En el Sur, Jerez de la Frontera disfruta a lo largo de gran parte de septiembre de su ‘Fiesta de la vendimia’, con actividades como catas magistrales en un espacio único como el patio de armas del Alcázar, donde catar generosos de González Byass, Fundador, Lustau o Cayetano del Pino, entre otras bodegas jerezanas, rutas por viñedos y tonelerías o visitas a sus espectaculares bodegas catedrales con su altos techos, muros gruesos, grandes ventanas y suelos de albero que mantienen una temperatura y humedad estables para favorecer el especial microclima que precisan los generosos en sus botas.
Unas bodegas catedrales, donde los ‘sherrylovers’ podrán perderse entre sus soleras, mientras disfrutan de los altos arcos que sustentan las bodegas. Así, en Osborne, han diseñado diferentes propuestas enoturísticas en su bodega de Mora para conocer los orígenes de esta icónica marca, el proceso de envejecimiento de sus vinos y del Brandy de Jerez, así como el recorrido histórico del icónico Toro, que este año celebra 70 años. Todo ello con la degustación de sus vinos en un buen ambiente o terminar la jornada comiendo en Toro Tapas, que apuesta por el producto local, la estacionalidad y una gastronomía que celebra la calidad y el carácter del Sur.
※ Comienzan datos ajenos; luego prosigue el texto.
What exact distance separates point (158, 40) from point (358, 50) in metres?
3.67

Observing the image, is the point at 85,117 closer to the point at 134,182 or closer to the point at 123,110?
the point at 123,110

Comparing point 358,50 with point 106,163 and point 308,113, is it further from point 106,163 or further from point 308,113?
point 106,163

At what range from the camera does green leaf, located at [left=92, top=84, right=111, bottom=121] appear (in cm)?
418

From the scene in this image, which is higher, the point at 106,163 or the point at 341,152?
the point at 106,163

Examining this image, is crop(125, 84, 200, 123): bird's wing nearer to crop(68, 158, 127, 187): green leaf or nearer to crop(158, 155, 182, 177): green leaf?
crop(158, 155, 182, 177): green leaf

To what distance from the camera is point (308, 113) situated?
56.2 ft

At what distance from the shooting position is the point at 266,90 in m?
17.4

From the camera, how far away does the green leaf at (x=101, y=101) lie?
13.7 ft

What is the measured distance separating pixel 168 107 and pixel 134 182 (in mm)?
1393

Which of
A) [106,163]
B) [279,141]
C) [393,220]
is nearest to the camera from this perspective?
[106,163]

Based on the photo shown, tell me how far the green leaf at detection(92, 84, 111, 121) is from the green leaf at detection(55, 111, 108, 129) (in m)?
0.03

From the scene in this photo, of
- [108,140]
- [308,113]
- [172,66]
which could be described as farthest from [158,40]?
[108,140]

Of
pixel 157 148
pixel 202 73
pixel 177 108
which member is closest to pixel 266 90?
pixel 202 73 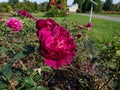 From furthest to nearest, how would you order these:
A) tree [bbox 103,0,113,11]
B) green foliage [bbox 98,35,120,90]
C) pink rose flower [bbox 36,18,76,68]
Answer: tree [bbox 103,0,113,11] → green foliage [bbox 98,35,120,90] → pink rose flower [bbox 36,18,76,68]

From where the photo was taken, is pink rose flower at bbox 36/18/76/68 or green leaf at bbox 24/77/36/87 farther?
green leaf at bbox 24/77/36/87

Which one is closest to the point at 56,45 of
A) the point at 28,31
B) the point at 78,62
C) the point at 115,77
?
the point at 115,77

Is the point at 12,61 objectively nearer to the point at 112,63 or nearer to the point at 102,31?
the point at 112,63

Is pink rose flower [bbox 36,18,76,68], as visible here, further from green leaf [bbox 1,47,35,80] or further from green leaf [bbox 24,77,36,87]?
green leaf [bbox 24,77,36,87]

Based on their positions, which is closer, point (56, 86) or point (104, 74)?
point (104, 74)

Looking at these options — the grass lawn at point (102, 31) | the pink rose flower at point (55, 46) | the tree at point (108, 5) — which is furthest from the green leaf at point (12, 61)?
the tree at point (108, 5)

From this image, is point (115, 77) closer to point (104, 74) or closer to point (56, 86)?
point (104, 74)

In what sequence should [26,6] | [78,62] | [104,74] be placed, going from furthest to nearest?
1. [26,6]
2. [78,62]
3. [104,74]

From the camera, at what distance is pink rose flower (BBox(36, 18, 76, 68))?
47.4 inches

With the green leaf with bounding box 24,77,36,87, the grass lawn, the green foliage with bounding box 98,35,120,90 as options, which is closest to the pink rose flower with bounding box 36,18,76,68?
the green leaf with bounding box 24,77,36,87

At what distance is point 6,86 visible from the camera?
1651 mm

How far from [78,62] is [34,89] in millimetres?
2716

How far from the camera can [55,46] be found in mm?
1233

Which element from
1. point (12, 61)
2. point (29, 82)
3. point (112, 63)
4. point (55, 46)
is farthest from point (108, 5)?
point (55, 46) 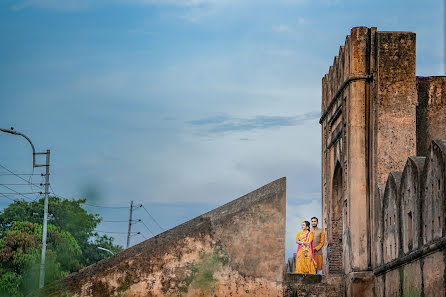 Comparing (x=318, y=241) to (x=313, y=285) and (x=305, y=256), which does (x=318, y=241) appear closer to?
(x=305, y=256)

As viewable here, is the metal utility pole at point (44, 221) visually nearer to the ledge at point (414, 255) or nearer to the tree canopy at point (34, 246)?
the tree canopy at point (34, 246)

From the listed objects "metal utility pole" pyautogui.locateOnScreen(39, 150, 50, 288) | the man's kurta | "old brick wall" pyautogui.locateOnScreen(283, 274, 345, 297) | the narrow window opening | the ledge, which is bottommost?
"old brick wall" pyautogui.locateOnScreen(283, 274, 345, 297)

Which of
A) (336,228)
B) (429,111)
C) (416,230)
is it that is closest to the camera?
(416,230)

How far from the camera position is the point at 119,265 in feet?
32.1

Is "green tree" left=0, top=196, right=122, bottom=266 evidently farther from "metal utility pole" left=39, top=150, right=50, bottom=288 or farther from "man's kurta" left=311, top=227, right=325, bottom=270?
"man's kurta" left=311, top=227, right=325, bottom=270

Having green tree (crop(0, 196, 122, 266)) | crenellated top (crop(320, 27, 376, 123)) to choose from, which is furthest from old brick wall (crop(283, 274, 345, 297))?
green tree (crop(0, 196, 122, 266))

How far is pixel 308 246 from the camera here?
12273mm

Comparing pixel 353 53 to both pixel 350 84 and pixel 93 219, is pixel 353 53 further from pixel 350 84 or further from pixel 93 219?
pixel 93 219

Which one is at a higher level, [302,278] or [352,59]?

En Baleares, el hotel Finca Serena traslada a sus huéspedes al corazón del Mallorca más auténtico e interior invitándoles a participar de forma gratuita el 4 de septiembre en la vendimia de sus más de 10 hectáreas de viñedo, dedicadas a la recuperación de variedades autóctonas como Premsal Blanc, Callet y Giró Ros. La experiencia continuará al caer la noche en su restaurante Jacaranda, donde el chef Jordi Rigo ofrecerá un menú especial de temporada en la terraza Las Palmeras, combinando producto de kilómetro cero con las elaboraciones de la finca. En la propuesta destaca su reconocido vino rosado junto a su gran novedad del año: Tinto Aubor, el primer tinto del hotel elaborado de forma ecológica a partir de la variedad Callet por el enólogo Tomeu Llabrés, consolidando un concepto de lujo experiencial que conecta directamente al visitante con la tierra y el origen.
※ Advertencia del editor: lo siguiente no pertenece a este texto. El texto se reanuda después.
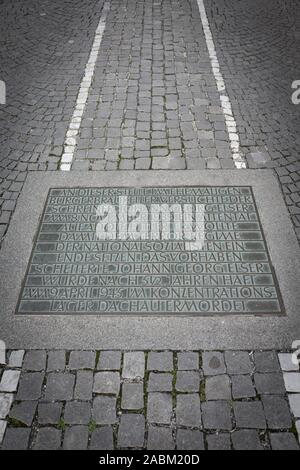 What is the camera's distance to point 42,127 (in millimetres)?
Result: 5523

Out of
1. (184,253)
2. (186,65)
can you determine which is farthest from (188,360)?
(186,65)

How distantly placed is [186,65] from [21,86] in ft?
9.84

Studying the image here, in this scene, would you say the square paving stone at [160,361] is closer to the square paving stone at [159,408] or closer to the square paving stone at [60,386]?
the square paving stone at [159,408]

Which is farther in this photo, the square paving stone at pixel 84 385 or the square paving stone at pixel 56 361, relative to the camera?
the square paving stone at pixel 56 361

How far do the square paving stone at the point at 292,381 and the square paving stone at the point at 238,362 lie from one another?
31cm

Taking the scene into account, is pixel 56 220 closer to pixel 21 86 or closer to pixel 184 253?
pixel 184 253

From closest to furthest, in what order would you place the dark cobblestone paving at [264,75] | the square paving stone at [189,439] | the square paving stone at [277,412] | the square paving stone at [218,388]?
the square paving stone at [189,439] → the square paving stone at [277,412] → the square paving stone at [218,388] → the dark cobblestone paving at [264,75]

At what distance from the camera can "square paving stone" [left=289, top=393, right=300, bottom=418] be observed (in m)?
2.94

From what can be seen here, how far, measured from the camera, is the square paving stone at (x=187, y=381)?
10.1 ft

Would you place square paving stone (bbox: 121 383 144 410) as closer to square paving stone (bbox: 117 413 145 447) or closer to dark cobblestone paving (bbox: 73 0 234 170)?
square paving stone (bbox: 117 413 145 447)

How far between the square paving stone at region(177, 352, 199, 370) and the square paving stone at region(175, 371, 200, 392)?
0.14 ft

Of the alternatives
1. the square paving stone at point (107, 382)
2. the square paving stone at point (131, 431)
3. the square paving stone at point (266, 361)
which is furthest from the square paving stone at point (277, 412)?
the square paving stone at point (107, 382)

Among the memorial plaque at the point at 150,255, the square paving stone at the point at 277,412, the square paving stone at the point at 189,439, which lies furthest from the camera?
the memorial plaque at the point at 150,255

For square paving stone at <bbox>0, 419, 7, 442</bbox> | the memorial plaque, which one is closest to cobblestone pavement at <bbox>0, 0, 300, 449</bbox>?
square paving stone at <bbox>0, 419, 7, 442</bbox> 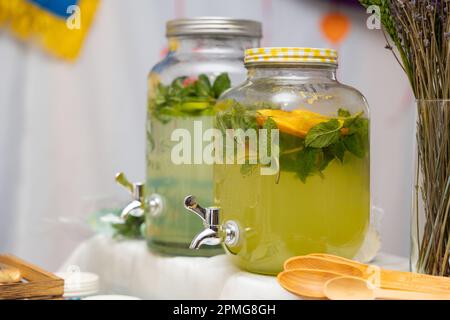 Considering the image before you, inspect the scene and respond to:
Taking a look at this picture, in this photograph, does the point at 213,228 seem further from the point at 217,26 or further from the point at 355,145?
the point at 217,26

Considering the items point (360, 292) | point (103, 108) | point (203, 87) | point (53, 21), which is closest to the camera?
point (360, 292)

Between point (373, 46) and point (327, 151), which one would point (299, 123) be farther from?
point (373, 46)

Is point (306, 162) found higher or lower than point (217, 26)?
lower

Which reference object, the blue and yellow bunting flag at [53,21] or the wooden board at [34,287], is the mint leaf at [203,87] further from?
the blue and yellow bunting flag at [53,21]

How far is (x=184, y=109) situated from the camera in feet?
3.10

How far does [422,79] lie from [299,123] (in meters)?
0.13

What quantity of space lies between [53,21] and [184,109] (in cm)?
59

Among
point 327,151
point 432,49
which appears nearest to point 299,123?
point 327,151

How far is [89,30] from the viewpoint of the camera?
4.93ft

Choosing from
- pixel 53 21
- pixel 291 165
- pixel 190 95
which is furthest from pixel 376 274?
Result: pixel 53 21

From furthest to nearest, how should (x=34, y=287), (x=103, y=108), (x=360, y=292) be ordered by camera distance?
(x=103, y=108) < (x=34, y=287) < (x=360, y=292)

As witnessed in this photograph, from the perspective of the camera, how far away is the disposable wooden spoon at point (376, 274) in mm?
707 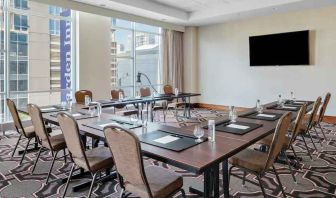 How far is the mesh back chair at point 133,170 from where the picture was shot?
5.40ft

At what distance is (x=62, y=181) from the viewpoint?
2922 mm

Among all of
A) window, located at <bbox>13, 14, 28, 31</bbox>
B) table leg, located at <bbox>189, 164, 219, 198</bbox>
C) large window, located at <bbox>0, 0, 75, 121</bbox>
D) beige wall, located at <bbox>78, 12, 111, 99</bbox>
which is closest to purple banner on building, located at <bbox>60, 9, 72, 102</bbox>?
large window, located at <bbox>0, 0, 75, 121</bbox>

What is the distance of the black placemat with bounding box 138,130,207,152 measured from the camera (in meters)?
1.93

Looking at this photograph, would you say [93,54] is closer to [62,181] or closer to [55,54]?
Result: [55,54]

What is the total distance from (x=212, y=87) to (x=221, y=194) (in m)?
6.30

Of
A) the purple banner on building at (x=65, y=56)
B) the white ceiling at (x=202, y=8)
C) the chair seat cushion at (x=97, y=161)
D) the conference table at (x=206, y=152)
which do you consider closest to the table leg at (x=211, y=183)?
the conference table at (x=206, y=152)

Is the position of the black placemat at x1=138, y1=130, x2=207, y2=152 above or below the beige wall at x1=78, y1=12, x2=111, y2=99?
below

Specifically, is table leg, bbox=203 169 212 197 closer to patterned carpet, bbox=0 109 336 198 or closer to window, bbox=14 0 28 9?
patterned carpet, bbox=0 109 336 198

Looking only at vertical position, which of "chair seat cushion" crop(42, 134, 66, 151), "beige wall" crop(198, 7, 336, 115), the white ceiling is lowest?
"chair seat cushion" crop(42, 134, 66, 151)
Y para quienes buscan experimentar el origen del vino sin filtros ni artificios, Bodegas Martúe abre sus puertas el 12 de septiembre con una jornada especial de vendimia diseñada para vivir desde dentro el momento más culminante del año. Una propuesta que arranca con una visita guiada por sus instalaciones que da paso a la inmersión en el propio viñedo, donde los asistentes no solo recogen la uva a mano, sino que participan en una didáctica cata de variedades directamente a pie de cepa. La experiencia culmina en un ambiente distendido con un picnic al aire libre maridado con los vinos de la casa y un regalo sorpresa de recuerdo.